Delimiters are not decoration
When you do assemble several pieces into one prompt, separate them unambiguously — the book recommends triple backticks, XML-style tags, or --- markers — so the model can tell the instruction from the article from the tool output. A retrieved document that bleeds into your instructions is a classic prompt-injection surface (revisited under Guardrails, lesson 20): untrusted evidence must be visibly fenced off from trusted policy.

3 · The output must be a schema — parse, don't validate

This is the load-bearing idea of the lesson. The book states it directly: in an agent, structured output is what lets the model's answer become the next component's input. Without it, the model's "decision" is prose that some regex or your own re-prompting has to interpret — and that interpretation layer is where agents rot.

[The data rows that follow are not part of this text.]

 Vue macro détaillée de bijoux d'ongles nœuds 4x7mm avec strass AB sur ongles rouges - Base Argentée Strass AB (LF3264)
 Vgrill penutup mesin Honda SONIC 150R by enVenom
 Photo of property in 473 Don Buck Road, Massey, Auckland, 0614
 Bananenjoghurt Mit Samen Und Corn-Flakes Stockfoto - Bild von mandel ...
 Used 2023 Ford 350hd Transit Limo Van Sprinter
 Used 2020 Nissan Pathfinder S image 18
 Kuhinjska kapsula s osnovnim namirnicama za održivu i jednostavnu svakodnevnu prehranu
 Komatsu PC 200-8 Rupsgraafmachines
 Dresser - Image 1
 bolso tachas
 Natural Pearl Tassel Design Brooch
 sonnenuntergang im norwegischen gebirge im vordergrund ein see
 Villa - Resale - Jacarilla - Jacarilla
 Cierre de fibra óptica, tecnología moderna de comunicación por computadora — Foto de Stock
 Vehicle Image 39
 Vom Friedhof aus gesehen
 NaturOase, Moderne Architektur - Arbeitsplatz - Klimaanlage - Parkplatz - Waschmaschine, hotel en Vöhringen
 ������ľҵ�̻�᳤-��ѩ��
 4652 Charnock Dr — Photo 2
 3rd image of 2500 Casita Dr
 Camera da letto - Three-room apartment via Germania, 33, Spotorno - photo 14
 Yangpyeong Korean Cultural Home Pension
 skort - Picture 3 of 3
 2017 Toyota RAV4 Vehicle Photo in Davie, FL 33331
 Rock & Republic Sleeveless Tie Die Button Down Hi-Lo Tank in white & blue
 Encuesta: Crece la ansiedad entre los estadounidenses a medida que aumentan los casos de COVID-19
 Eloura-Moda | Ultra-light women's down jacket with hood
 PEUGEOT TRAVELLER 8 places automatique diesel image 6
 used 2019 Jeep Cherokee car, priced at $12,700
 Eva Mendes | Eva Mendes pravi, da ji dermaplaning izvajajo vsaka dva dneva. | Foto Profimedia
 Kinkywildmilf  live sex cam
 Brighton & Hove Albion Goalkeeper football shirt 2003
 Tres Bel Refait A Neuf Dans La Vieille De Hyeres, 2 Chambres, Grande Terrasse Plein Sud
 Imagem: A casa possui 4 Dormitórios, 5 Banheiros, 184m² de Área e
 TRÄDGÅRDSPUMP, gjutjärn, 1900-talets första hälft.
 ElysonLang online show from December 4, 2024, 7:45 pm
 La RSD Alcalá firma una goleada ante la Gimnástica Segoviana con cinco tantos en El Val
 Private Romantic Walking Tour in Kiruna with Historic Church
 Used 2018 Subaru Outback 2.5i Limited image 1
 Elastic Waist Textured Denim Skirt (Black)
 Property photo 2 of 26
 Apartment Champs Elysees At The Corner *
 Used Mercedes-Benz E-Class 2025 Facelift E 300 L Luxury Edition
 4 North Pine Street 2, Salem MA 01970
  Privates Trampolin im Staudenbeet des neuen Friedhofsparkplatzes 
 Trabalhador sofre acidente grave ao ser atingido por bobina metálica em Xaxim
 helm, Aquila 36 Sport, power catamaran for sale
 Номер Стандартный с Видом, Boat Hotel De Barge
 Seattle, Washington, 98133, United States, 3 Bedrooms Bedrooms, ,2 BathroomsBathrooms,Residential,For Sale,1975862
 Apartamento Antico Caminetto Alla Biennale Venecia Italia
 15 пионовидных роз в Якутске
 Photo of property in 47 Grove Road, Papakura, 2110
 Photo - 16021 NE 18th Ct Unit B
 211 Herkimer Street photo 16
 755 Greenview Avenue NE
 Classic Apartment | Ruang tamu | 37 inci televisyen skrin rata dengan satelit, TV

Concretely: do not ask the model to "explain what it wants to do." Make it return a typed object whose every field the downstream code already knows how to consume. For our running coding/research assistant, the very first decision each turn is a route, and its contract looks like this:

route_schema = {
  "route":       "answer_directly | retrieve | call_tool | ask_human | stop",
  "tool":        "name of the tool to call, required iff route == call_tool",
  "args":        "object matching the chosen tool's parameter schema",
  "confidence":  "number in [0, 1]",
  "reason":      "short, evidence-grounded justification",
  "missing_info":"list of facts still needed before acting",
  "risk":        "low | medium | high"
}

# The model does NOT execute anything. It emits this object;
# the control loop (lesson 01) reads it and acts.
# Invalid JSON is not a route. It is a validation failure.
parsed = parse_json(model_output)        # may raise
decision = validate(parsed, route_schema)  # may raise

The book's recommended mechanism is Pydantic: define the schema as a typed Python model, then call Model.model_validate_json(llm_output) to parse and validate in one step. A field like confidence: float = Field(..., ge=0, le=1) or email: EmailStr is checked at the boundary; malformed output raises ValidationError instead of flowing onward as a plausible-looking lie.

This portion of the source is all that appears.